De kinderrechter kan zich niet aan de indruk onttrekken dat het verzet van de moeder voortkomt uit de moeizame samenwerking van de moeder met de GI en haar defensieve houding tegen hulpverlening. Zij heeft zich ook aanvankelijk verzet tegen de gezinsopname en moest met een schriftelijke aanwijzing hiervoor worden gemotiveerd. Verder lijkt ook de verstoorde verhouding van de moeder met de vader een rol te spelen in haar weerstand tegen een deeltijdpleeggezin, omdat de GI opa en oma vaderszijde daarvoor heeft uitgekozen.
5.7.
De GI is anders dan de moeder van mening dat opa en oma een passend deeltijdpleeggezin kunnen zijn. Opa en oma hebben in het verleden een grote ondersteunende rol gespeeld in het leven van de kinderen. De screening van opa en oma is uitgevoerd door Timon, waarbij de opa en oma positief zijn beoordeeld als netwerkpleeggezin voor [minderjarige 1] en [minderjarige 2] . Ook Konfia heeft zich positief uitgesproken over opa en oma.

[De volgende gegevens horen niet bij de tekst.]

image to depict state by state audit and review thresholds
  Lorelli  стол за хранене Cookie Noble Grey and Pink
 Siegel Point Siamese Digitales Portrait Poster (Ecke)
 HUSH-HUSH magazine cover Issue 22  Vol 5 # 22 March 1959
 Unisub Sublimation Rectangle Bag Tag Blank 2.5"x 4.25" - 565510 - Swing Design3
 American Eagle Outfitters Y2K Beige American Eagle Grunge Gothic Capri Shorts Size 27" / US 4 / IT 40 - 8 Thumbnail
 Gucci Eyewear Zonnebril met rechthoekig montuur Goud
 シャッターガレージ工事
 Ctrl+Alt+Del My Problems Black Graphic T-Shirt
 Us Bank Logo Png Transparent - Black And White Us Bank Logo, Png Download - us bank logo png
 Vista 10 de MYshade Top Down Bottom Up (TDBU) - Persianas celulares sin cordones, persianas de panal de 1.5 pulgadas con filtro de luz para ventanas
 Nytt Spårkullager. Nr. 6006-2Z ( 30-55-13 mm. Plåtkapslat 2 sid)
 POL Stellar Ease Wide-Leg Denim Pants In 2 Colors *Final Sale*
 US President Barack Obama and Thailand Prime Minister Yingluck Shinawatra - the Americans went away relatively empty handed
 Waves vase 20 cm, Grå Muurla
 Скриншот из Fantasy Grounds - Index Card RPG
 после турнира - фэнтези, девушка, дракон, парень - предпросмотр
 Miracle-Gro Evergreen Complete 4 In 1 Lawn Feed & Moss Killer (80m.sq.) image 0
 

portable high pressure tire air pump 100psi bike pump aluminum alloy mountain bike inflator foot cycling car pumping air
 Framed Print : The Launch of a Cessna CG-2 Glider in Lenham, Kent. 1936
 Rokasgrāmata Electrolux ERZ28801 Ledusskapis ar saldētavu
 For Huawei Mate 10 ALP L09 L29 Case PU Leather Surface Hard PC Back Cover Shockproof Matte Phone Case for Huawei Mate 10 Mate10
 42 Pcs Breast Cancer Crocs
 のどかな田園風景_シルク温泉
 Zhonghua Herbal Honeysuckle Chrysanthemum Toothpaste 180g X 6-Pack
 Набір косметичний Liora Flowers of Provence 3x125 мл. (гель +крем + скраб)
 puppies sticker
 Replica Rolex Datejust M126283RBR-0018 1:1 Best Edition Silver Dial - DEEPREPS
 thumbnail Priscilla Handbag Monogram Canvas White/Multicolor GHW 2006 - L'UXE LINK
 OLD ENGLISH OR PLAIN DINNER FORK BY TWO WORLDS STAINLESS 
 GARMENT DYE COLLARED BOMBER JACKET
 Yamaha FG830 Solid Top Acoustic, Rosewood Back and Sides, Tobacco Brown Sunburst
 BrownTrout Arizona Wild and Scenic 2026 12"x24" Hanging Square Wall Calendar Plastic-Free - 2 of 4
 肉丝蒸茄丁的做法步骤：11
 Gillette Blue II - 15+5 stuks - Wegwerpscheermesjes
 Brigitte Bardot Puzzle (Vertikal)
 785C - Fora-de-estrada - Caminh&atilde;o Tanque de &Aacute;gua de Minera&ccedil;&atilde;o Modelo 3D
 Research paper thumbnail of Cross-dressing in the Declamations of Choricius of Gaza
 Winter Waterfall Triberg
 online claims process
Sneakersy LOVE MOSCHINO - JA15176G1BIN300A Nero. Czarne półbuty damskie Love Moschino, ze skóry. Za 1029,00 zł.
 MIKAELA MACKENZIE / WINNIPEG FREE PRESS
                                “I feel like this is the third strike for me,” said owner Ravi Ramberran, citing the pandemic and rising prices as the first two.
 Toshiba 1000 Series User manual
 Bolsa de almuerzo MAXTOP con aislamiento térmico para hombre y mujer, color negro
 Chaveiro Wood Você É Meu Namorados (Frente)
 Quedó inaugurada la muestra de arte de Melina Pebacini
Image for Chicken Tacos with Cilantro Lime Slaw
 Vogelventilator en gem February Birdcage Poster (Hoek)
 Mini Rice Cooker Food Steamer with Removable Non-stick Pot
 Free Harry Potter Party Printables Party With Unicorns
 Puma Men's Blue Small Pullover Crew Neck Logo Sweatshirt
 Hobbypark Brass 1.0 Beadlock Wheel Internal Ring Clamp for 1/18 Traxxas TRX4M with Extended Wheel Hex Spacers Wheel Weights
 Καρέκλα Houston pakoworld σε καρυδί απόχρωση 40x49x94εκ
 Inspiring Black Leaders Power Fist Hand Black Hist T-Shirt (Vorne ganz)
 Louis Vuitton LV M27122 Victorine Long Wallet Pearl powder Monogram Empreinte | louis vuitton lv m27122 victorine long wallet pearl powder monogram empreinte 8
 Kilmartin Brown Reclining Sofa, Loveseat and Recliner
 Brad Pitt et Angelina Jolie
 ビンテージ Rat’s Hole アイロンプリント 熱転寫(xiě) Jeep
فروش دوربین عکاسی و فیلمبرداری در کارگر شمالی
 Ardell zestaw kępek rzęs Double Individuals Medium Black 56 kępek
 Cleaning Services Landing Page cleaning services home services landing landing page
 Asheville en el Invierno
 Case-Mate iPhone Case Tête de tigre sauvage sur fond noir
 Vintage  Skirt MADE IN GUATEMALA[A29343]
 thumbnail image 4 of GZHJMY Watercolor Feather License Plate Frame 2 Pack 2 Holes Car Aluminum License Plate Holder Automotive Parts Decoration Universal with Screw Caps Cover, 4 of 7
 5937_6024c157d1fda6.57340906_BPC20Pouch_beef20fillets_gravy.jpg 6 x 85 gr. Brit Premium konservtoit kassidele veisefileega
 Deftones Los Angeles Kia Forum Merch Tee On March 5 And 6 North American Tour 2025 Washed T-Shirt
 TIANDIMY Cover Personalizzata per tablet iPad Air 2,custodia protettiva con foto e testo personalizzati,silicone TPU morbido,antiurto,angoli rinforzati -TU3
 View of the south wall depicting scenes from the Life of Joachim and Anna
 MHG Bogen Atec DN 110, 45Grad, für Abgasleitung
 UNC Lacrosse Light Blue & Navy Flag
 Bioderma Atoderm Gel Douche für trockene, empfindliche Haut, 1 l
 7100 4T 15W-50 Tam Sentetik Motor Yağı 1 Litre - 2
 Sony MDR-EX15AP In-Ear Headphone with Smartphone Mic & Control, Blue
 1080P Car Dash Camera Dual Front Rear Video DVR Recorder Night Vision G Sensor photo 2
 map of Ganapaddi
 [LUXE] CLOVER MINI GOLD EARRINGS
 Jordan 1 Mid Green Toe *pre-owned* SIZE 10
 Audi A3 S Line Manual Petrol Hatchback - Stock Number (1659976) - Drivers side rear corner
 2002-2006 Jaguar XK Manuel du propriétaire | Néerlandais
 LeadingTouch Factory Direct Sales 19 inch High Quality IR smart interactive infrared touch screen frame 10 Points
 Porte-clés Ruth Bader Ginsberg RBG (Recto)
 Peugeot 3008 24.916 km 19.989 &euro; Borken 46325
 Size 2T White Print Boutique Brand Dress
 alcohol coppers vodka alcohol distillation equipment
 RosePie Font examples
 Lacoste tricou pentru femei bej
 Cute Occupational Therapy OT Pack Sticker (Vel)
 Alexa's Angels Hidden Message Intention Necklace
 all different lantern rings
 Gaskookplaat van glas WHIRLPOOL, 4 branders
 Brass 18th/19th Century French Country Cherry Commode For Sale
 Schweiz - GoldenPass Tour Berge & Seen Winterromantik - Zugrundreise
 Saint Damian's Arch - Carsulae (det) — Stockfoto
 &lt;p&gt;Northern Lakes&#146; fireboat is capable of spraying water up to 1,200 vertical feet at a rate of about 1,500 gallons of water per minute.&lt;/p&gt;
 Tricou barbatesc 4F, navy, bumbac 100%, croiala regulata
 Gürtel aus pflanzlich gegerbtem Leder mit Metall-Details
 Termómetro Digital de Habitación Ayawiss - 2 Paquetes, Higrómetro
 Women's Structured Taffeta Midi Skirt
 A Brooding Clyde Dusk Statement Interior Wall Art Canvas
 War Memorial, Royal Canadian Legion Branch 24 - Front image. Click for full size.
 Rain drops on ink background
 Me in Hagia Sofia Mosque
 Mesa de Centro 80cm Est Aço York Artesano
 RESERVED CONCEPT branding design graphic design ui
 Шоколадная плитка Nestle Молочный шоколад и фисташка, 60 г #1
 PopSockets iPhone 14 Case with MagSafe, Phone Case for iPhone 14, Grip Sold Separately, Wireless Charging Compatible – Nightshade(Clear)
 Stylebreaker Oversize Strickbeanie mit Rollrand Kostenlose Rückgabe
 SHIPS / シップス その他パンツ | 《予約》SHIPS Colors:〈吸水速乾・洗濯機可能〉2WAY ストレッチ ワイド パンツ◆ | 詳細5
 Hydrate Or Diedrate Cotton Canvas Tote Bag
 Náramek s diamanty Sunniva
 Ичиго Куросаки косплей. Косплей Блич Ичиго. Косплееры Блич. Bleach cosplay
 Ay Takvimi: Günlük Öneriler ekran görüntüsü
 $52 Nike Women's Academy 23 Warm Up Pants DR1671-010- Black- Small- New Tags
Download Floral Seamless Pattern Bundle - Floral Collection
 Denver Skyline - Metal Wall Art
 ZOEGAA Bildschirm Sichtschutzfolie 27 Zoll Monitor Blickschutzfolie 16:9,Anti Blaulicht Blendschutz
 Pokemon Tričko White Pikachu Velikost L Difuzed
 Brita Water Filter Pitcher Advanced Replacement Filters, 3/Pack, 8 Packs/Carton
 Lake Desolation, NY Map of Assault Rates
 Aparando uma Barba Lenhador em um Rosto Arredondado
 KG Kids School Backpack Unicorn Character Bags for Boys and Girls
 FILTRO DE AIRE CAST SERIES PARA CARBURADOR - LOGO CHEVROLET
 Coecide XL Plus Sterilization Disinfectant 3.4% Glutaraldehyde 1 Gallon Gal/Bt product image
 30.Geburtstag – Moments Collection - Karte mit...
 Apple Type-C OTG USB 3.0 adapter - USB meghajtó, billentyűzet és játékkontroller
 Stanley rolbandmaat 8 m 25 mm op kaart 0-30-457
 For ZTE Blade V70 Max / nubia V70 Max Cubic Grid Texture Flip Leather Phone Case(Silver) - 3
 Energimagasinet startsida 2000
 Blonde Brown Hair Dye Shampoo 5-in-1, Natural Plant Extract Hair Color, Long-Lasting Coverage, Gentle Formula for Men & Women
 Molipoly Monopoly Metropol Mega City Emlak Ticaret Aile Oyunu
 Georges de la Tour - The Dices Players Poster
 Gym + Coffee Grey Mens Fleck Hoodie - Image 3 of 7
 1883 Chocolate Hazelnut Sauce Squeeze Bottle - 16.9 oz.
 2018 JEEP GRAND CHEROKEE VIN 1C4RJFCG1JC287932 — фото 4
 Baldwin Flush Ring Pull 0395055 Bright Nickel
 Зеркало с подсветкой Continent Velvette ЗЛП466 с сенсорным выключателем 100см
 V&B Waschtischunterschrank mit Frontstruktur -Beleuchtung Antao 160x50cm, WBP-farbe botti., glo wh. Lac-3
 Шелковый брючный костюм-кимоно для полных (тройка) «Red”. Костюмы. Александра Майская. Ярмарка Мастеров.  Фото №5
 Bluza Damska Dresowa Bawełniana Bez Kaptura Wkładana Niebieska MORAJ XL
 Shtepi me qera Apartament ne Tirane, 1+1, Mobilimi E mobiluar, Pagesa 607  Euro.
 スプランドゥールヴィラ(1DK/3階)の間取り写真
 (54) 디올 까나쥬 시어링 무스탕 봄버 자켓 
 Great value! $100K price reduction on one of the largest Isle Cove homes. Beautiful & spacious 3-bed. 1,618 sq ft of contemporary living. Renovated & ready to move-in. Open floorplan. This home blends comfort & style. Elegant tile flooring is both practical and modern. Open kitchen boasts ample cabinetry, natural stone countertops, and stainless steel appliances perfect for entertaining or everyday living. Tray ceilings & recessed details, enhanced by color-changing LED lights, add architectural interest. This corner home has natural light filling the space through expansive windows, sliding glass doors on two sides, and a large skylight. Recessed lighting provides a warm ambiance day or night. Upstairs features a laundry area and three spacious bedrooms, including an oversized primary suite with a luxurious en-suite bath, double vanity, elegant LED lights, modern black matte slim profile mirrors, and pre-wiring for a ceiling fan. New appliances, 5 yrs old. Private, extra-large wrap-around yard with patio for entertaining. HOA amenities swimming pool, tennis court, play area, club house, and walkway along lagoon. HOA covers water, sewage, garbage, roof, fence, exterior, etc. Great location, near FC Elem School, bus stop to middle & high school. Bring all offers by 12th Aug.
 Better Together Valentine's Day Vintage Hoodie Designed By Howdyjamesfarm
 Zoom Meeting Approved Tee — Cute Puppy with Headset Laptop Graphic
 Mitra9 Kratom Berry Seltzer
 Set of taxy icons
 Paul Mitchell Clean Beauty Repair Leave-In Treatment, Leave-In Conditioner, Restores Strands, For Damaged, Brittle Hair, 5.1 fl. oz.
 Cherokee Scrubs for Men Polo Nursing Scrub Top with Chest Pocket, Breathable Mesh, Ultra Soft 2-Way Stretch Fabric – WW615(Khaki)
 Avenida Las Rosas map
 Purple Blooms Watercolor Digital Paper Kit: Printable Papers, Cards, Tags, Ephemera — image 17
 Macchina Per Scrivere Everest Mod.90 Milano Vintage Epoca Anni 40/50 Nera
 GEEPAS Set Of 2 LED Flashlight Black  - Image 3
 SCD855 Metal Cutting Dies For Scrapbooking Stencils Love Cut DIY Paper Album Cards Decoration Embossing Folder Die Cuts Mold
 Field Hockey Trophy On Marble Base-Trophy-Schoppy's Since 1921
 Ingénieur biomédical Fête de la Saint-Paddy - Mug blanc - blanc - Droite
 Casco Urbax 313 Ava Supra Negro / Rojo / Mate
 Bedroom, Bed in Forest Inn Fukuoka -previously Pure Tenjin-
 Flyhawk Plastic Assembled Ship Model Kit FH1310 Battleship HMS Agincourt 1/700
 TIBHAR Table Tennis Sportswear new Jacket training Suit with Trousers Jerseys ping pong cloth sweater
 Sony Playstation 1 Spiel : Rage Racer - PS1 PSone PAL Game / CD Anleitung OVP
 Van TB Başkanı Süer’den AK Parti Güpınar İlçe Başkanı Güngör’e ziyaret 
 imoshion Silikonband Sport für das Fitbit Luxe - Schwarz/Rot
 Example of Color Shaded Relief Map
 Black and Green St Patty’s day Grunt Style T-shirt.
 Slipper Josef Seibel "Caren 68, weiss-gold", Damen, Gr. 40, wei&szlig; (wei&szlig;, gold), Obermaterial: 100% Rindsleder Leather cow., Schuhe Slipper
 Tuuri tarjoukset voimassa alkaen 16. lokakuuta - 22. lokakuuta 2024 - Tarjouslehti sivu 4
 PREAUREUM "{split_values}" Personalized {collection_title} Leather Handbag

Opa en oma sluiten af en toe aan bij de begeleide omgang tussen de vader en de kinderen, waarbij zij een positieve invloed hebben. Opa en oma kunnen aansluiten bij de behoefte van de kinderen en grenzen bieden, volgens de GI. Bovendien vinden de kinderen het tijdens de omgangsmomenten leuk met hen. Als de kinderen tegen moeder anders verklaren zou dit zeer wel kunnen liggen aan de gespannen verhouding tussen de ouders, waarvan de kinderen natuurlijk niet verschoond blijven.
5.8.
De moeder heeft als verweer tegen een deeltijdplaatsing bij opa en oma tenslotte nog aangevoerd dat de gezinsopname al spoedig van start zal gaan en dat de deeltijdplaatsing dus niet meer nodig is. De kinderrechter is het daar niet mee eens. De gezinsopname is een traject dat veel van de moeder zal eisen. Het is dan eens te meer van belang dat de moeder een weekend per twee weken vrijgesteld is van de zorg voor de kinderen. Hiermee kan de kans van slagen van dit traject worden vergroot. Ook voor de kinderen zal het goed zijn als zij af en toe in een andere opvoedomgeving kunnen verblijven, los van de moeder.

6.De beslissing

De kinderrechter:
6.1.
verleent een machtiging tot deeltijd uithuisplaatsing van [minderjarige 1] en [minderjarige 2] in een pleeggezin, te weten opa en oma (vz), voor de duur van een jaar, met ingang van 18 december 2024 tot 18 december 2025;
6.2.
verklaart deze beschikking uitvoerbaar bij voorraad.
Deze beslissing is gegeven en in het openbaar uitgesproken op 18 december 2024 door mr. M.A.A.T. Engbers, kinderrechter, in aanwezigheid van mr. C. A. Lammertink als griffier, en op schrift gesteld op 9 januari 2025.
Hoger beroep tegen deze beschikking kan worden ingesteld:
  • door de verzoeker en degenen aan wie een afschrift van de beschikking is verstrekt of verzonden, binnen drie maanden na de dag van de uitspraak;
  • door andere belanghebbenden binnen drie maanden na de betekening daarvan of nadat de beschikking aan hen op een andere wijze bekend is geworden.
Het hoger beroep moet, door tussenkomst van een advocaat, worden ingediend bij de griffie van het gerechtshof te Arnhem-Leeuwarden.

Voetnoten

1.Artikel 1:265b, eerste lid, Burgerlijk Wetboek.